Consolidation and Enterprise Development: New Strategies
for Emerging Economies |
Prof. Gary Dymski
Date: From 16 to 27 de july, 2001
Aim of the course:
This course undertakes a fundamental reexamination
of the role of finance in economic development and
entrepreneurship. This reexamination takes into
account a factor overlooked in this literature:
the evolution of banking strategies and financial
markets in the context of global deregulation and
financial crises. The aim of the course is to identify
new strategies for financing entrepreneurship and
economic development in the era of globalized banking
and reduced state power.
Organization of the course:
Each student will be required to write one paper
on a topic related to the course material. This
paper must include an appropriate bibliography;
it must incorporate one or more theoretical models
and insights; and it must include references to
some important institutional or empirical findings.

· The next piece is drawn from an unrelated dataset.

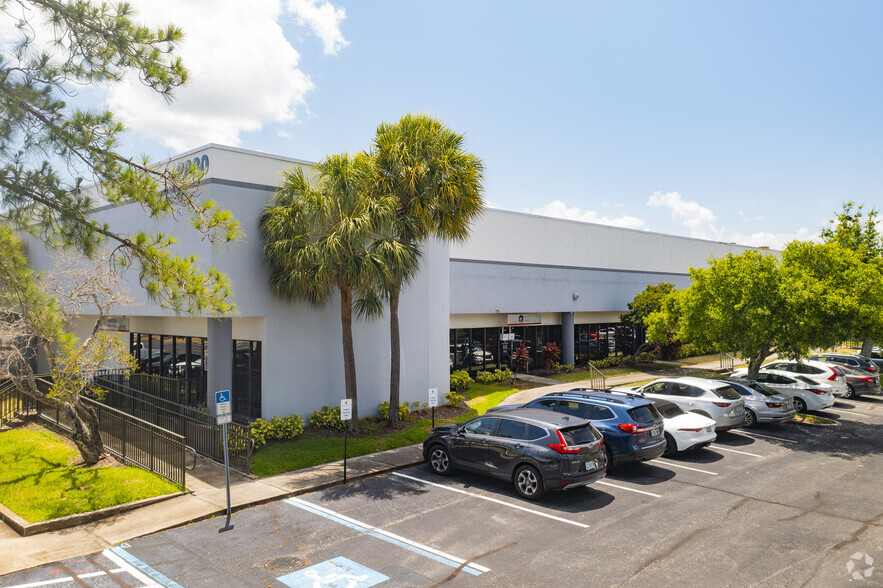 2880 N Scherer Dr, Saint Petersburg, FL for lease - Building Photo - Image 3 of 6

Each student will also be required to write a
plan of action for a local firm or community economic
agency of his or her choosing. This plan must
describe the background of the agency or firm
in question; the key economic problems faced,
including financing problems; an analysis of options
given the structure of markets; and a recommendation
for action. This plan should be presented to the
agency or firm about which it is written.
The course will consist of eight four-hour lectures.
The lectures will be divided into parts, with
time arranged for discussion. Each four-hour session
will focus on one theme, as follows.
Content of the course.
Financial and banking systems around
the world are now being rapidly transformed by
processes of deregulation, mergers and acquisitions,
and consolidation. These shifts are profoundly
changing the economic roles of financial institutions
and markets. Financial institutions in advanced
economies are absorbing fewer risks than before,
and are more likely to look for mutual fund investors
than loan customers in developing markets. Financial
institutions in developing economies have experienced
extreme stress and insolvencies, and must be renewed
or sold off.
This global transition point requires a rethinking
of the most basic ideas of what banks and financial
markets do, and of how economic and enterprise
development is to be financed. New strategies
for financing local economic development and entrepreneurial
activity, especially in lower-income areas and
regions, are needed. Previously, the focus of
market-based systems like the US was on how banking
and financial markets can facilitate and finance
enterprise, with little attention to the problem
of economic development; and the focus of bank-based
systems like Korea and Japan was on how banking
and financial relations can facilitate and finance
economic development, with little attention to
the problem of the entrepreneur and the enterprise.
Now market-based systems must consider how to
facilitate economic development, while bank-based
systems must consider how to facilitate entrepreneurship.
New strategies responding to these challenges
must be formulated in the face of an increasingly
polarized wealth and income distribution. How
can the financing needs of small and medium enterprises
outside the ambit of multinational enterprise
be met? How can economic activities in impoverished
communities be encouraged and built up through
financing and other mechanisms?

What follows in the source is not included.